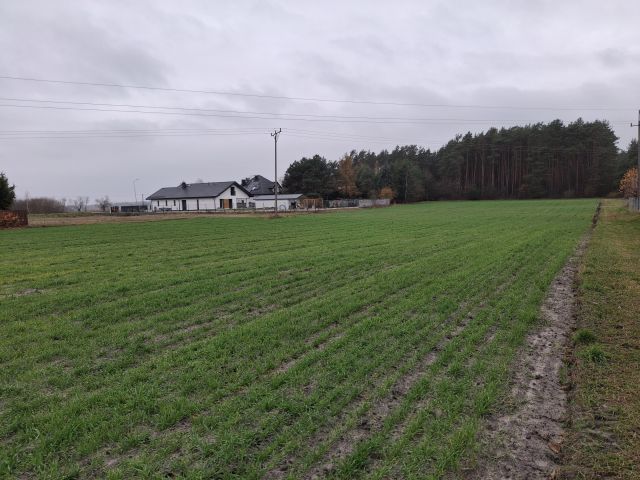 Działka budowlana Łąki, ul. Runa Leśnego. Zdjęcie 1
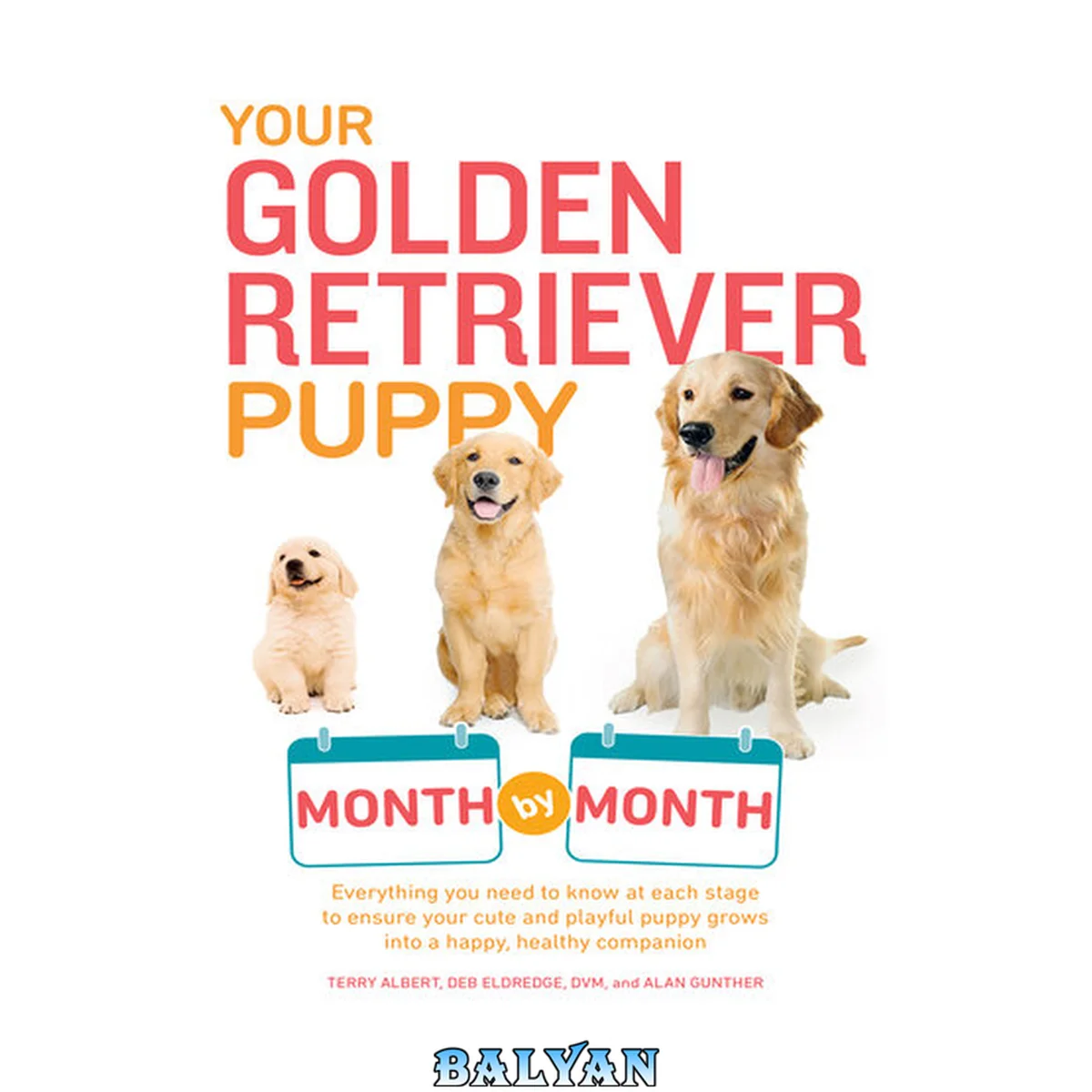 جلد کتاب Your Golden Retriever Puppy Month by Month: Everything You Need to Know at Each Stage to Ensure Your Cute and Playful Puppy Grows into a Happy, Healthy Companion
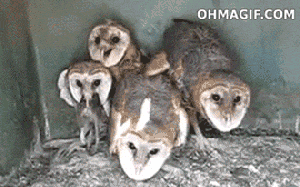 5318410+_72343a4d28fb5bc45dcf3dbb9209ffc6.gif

▬▬▬

_Problem statement_
Restate the listing word for word, pictures omitted.

_Exercise output_
 Działka budowlana Łąki, ul. Runa Leśnego. Zdjęcie 1
 جلد کتاب Your Golden Retriever Puppy Month by Month: Everything You Need to Know at Each Stage to Ensure Your Cute and Playful Puppy Grows into a Happy, Healthy Companion
 5318410+_72343a4d28fb5bc45dcf3dbb9209ffc6.gif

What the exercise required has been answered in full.